I have always believed that my automobile insurance follows me from vehicle to vehicle, regardless of whether the vehicle I am driving is owned, leased, rented or loaned. But apparently that is not the case anymore for policyholders with certain insurance companies. I found out the hard way about a policy change recently made by my insurance company that eliminates primary coverage for physical damage to loaner vehicles provided by dealerships and other motor vehicle repair facilities.
My hometown dealer, Donnie Buckalew at Buckalew Chevrolet in Conroe, routinely provides customers like me with a loaner vehicle when my own vehicle is being serviced at their shop. Dealers do this as a courtesy and convenience to their customers. And these loaner vehicles allow all of us to keep our busy lives moving, getting to and from work, dropping the kids off at school or getting to necessary appointments throughout the day.

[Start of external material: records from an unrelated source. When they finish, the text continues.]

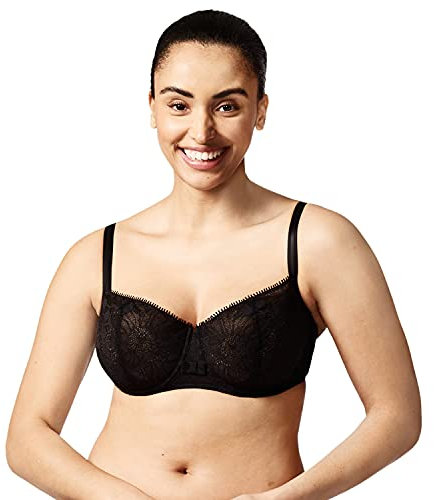 Chantelle Women's Day to Night Lace Unlined Demi Bra Half Cup, Black, 32DD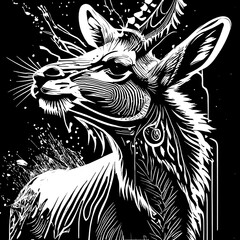Poster Animal painting, black line, vector painting, Black and white, brush splash, white background.
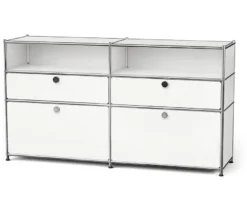 Sideboard Metall »CN3« mit 2 Klappenfächern, 2 Schubladen und 2 offenen Fächern, weiß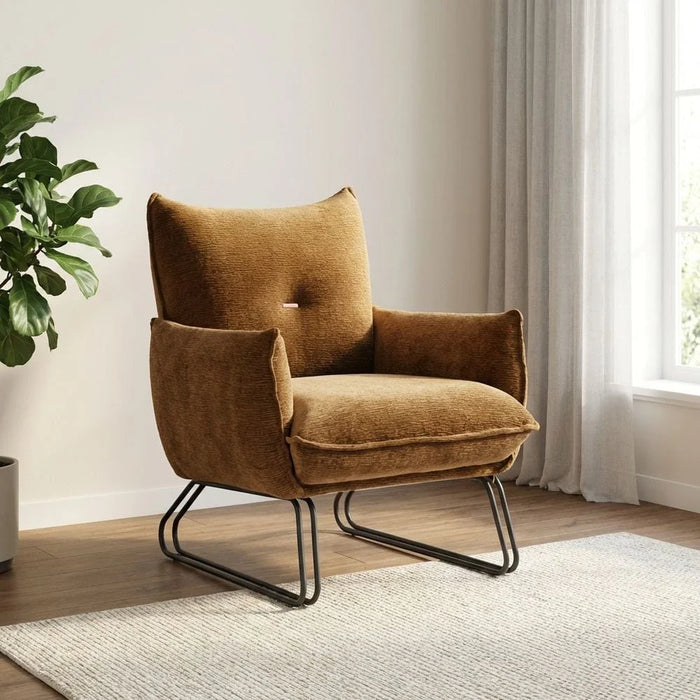 Javon 1-Seater Fabric Sofa - Rust - With 2-Year Warranty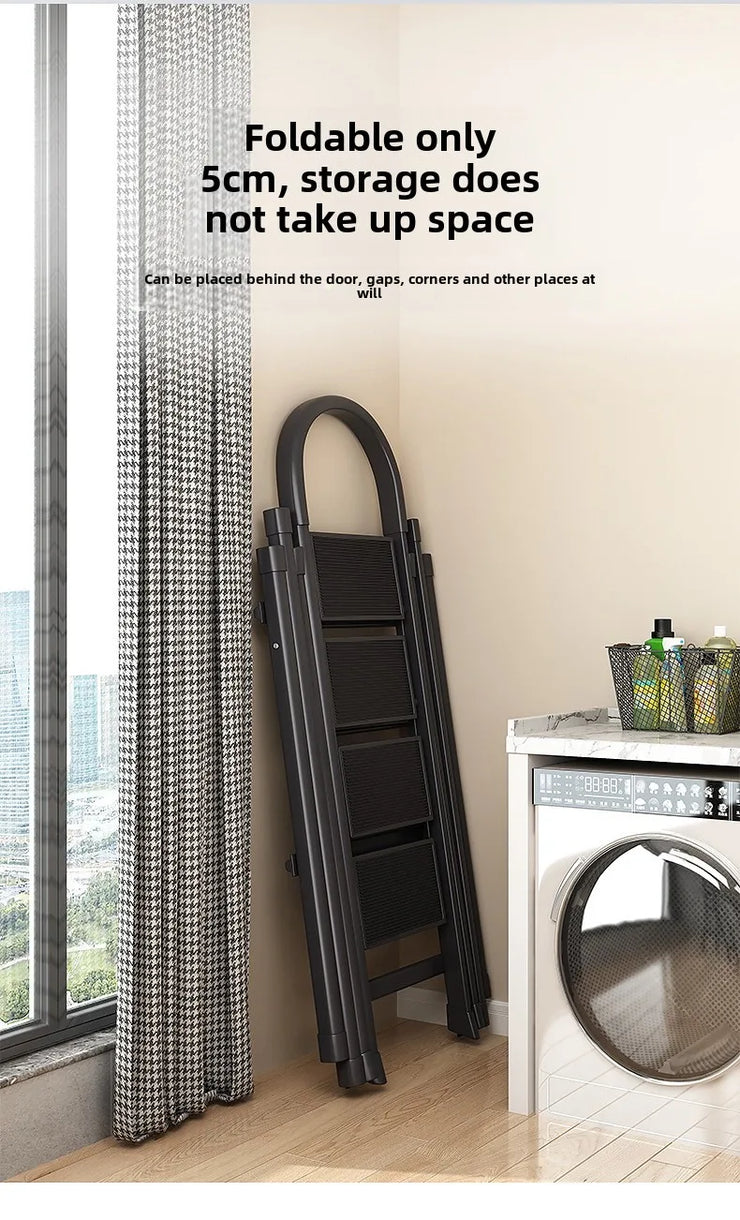 Multifunctional Folding Ladder – Space-Saving Herringbone Design, Dual-Purpose Clothes Rack for Home Use
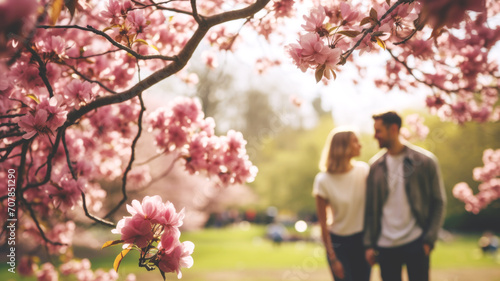 Joyful young couple surrounded by pink spring blossoms sharing a moment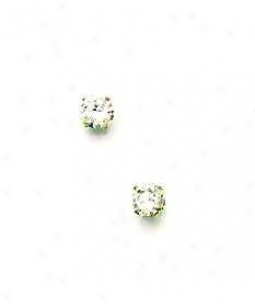 14k Yellow 4 Mm Round Cz Friction-back Post Stud Earrings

I was in one of those loaner vehicles last summer when a powerful storm came through Conroe and toppled a tree in my yard. Unfortunately, that tree landed on top of my Buckalew Chevrolet loaner and damaged it significantly. As I worked with the dealership to compensate them for the damage done to their vehicle while it was in my possession, we discovered that our insurance provider had made a change, eliminating primary coverage for such loaner vehicles. Even many of the company’s independent insurance agents were not aware of the change, thinking that loaners were still covered just like rental cars.
And while some insurance companies may claim they are still providing coverage on these loaners, that coverage is only excess coverage, which only covers above and beyond underlying primary insurance policy. But before there can be excess coverage, there must be primary coverage in existence. Dealership’s garage-keeper policies are also excess insurance when the vehicle is being operated by someone outside the dealership. Needless to say, I had no idea I was uninsured in this specific circumstance. And apparently many insurers are now changing their policies. And that will leave many other Texans without real coverage for physical damage on their loaners.

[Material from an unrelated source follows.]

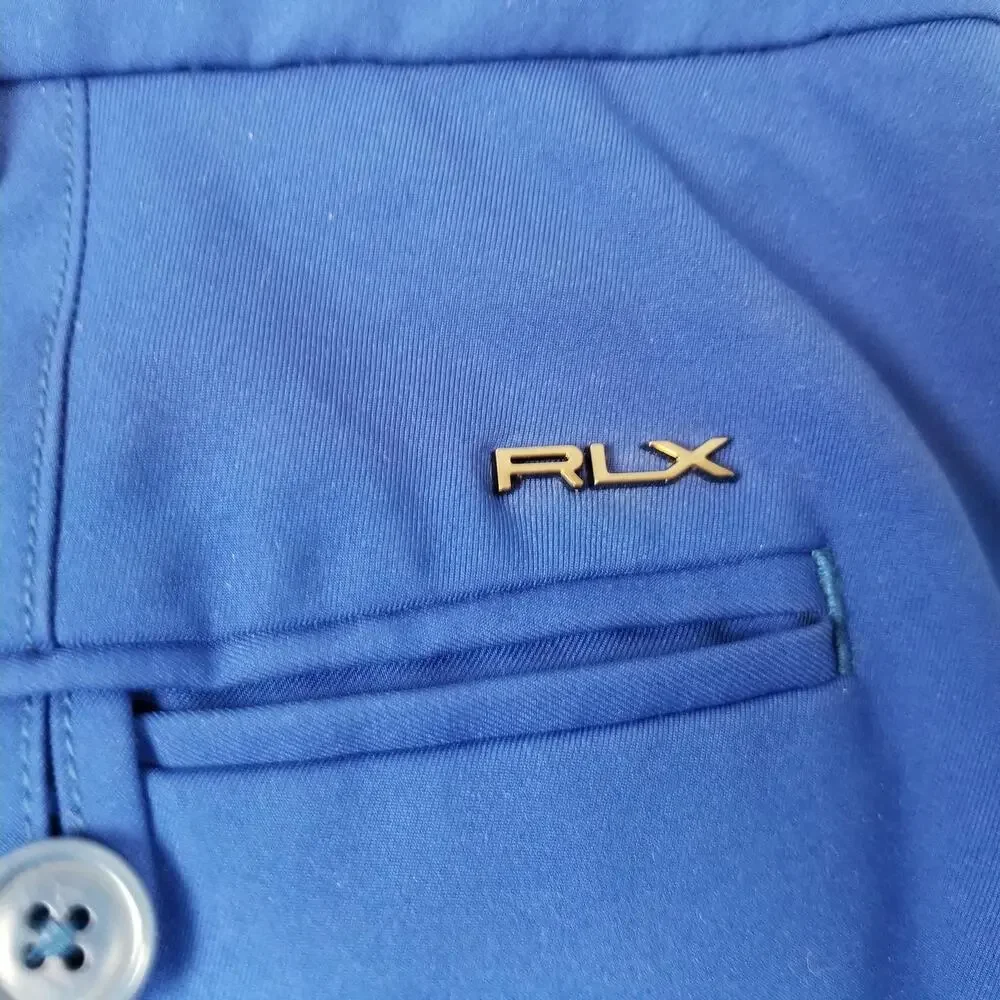 RLX Ralph‎ Lauren Shorts Mens 36 Blue Golf Performance Polyester Flat Front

Fortunately for all Texans, state Sen. Jose Menendez, D-San Antonio, and Rep. Stan Lambert, R-Abilene, have filed legislation (Senate Bill 1737, House Bill 3420) to ensure that your personal automobile insurance coverage for physical damage covers you when you’re driving a loaner vehicle provided by a vehicle repair facility.
Automobile insurance should follow us every time we are driving a car, not solely when it’s convenient for the insurance company to cover us. Our physical and financial security is too important to roll the dice about what our coverage covers. It’s time for the insurance industry to provide Texans the level of protection they deserve.